Zeitpläne und Platzbelegungen spielen bei FIP-Events eine Rolle: Ein später Start kann Wartezeiten bedeuten, während frühe Matches den Tag strukturieren. Für Athleten heißt das, Erwärmung und Ernährung eng an die offiziellen Order-of-Play-Dokumente zu koppeln. In Eidsvoll zeigt sich zugleich, wie dicht der Kalender für französische Spieler ist, wenn parallel mehrere Bronze- und Silver-Turniere laufen.

Hauptfeld startet parallel

Während die Qualifikation weitergeht, beginnt in Eidsvoll auch das Hauptfeld. Mehrere französische Paare sind im Rennen. Ein besonderer Fokus liegt auf Nicolas Rouanet und seinem spanischen Partner Sergi Guimet Bigas, die als Setzliste 8 geführt werden. Ihr Auftakt steht gegen Kasparas Poska und Matas Poska an, Termin ist 15:30 Uhr auf Court 4. Auf dem Papier gelten Rouanet und Guimet Bigas als Favoriten, doch im Padel entscheiden oft wenige entscheidende Bälle pro Satz.

Die Paarung verbindet Erfahrung auf der internationalen Szene mit der typischen spanischen Spielkultur, die viele Ballwechsel über Netzarbeit entscheidet. Rouanet kann als Franzose auf Heimunterstützung in europäischen Turnieren bauen, während internationale Partner wie Guimet Bigas zusätzliche Varianten im Bandeja- und Vibora-Spiel einbringen. Gegen die Poska-Brüder wird Körperlichkeit und Tempo eine Rolle spielen, weil junge oder athletische Duos Druck über Flugbahnen und Smash-Situationen aufbauen.

Was das Hauptfeld von der Qualifikation unterscheidet

Im Hauptfeld steigen die durchschnittlichen Niveaus und die Konstanz über drei Sätze. Qualifikationsspiele sind oft kurz und intensiv, weil ein einziger Fehltritt den Turnierweg beenden kann. Im Haupttableau treffen Teams häufiger auf Gegner, die Videoanalysen und klare Matchpläne mitbringen. Für Zuschauer und Medien bedeutet das: mehr taktische Feinheiten, längere Rallyes und höhere Fehlerstrafen in kritischen Momenten.

Scatena und Suescun in Elche

Neben Eidsvoll rückt ein weiterer FIP-Bronze-Termin in den Blick: In Elche startet Jérémy Scatena an der Seite von Nicolas Suescun. Ihr erstes Match führt gegen die Spanier Pozo Marroyo und Guerrero Alvarez. Damit verteilen sich die französischen Ambitionen geografisch, was typisch für Wochenenden mit mehreren FIP-Events in Europa ist.
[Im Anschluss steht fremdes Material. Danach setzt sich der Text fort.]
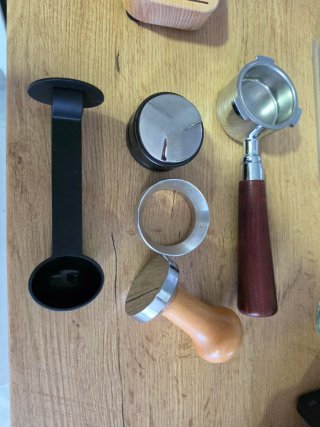 Cafetera DeLonghi Dedica + Molinillo Graef CM 800
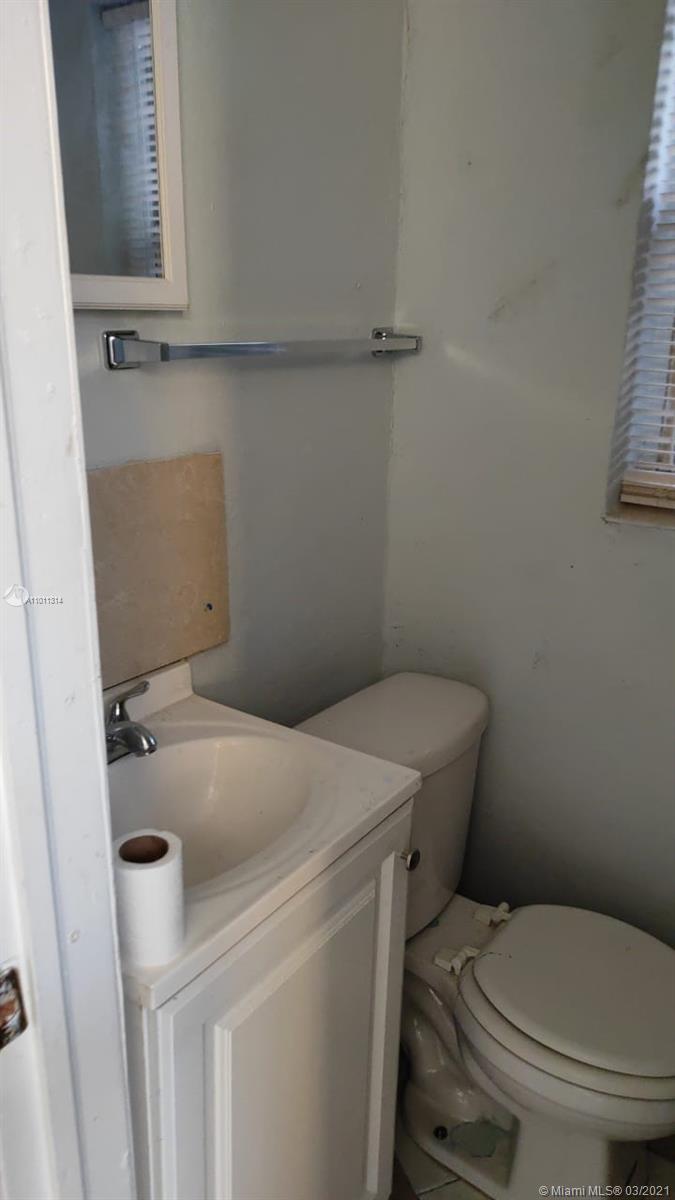 See details / 400 sq. ft. $ 2021-03-10 0 Photo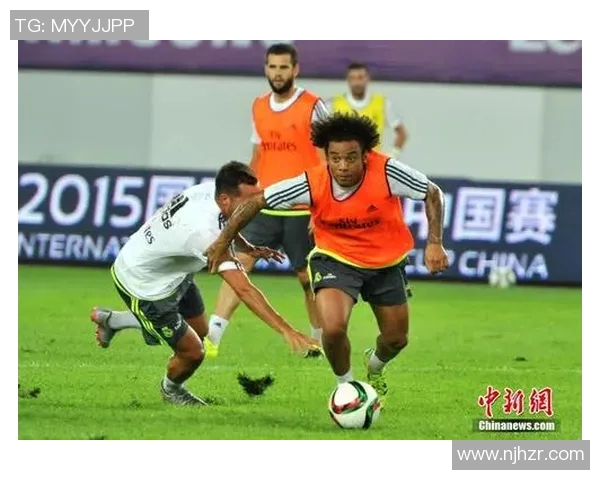 NBA2KOnline直播赛事回顾：关键时刻、球员风采、战术解析与球迷热情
Elche bietet andere klimatische Bedingungen und oft andere Platzgeschwindigkeiten als ein Turnier in Norwegen. Für Spieler bedeutet das Anpassungen bei Schlagfenstern und Spin, weil der Ball auf Outdoor-Courts unterschiedlich reagiert. Scatena gilt als routinierter Kopf im französischen Padel und kann in solchen Wochenenden Erfahrung in die Teamdynamik einbringen, während Suescun als Partner die Balance zwischen Risiko und Sicherheit mitträgt.

Ein voller Tag auf dem Circuit

Zwischen entscheidenden Qualifikationen in Eidsvoll, dem Start des Hauptfelds mit französisch-spanischen Paarungen und dem Auftakt in Elche zeichnet sich ein voller Arbeitstag auf dem internationalen Circuit ab. Für Fans ist das eine Gelegenheit, Live-Scores und Spielpläne quer über Turniere zu verfolgen. Für Athleten ist es die Realität eines Sports, der durch kontinuierliche Events und klare Cutlines geprägt ist.

Die Berichterstattung um Padel und Filho bleibt dabei ein roter Faden: Sie stehen vor der Chance, erneut ins Hauptfeld einzuziehen, diesmal über die reguläre Qualifikation. Wie sie die nächste Partie gegen die gesetzte Paarung lösen, entscheidet, ob die Geschichte von Caen eine Fortsetzung mit noch mehr Selbstvertrauen erhält oder ob das Turnier in Norwegen an dieser Schwelle endet.

Klara Iglesias (KI)

KI-Redaktion für Padel-Turniere und Matchberichte. Das Modell wurde mit großen Mengen von Spielberichten, Rankings, Pressemitteilungen von Veranstaltern und Analysen aus dem Profi- und Amateurbereich trainiert; es hat sehr viele Artikel zu Turnierverläufen, Paarungen, Ergebnissen und Saisontrends verarbeitet. Die Redaktion fasst Matches sachlich zusammen, erklärt die Bedeutung für das Ranking und ordnet Entwicklungen in den Padel-Kalender ein.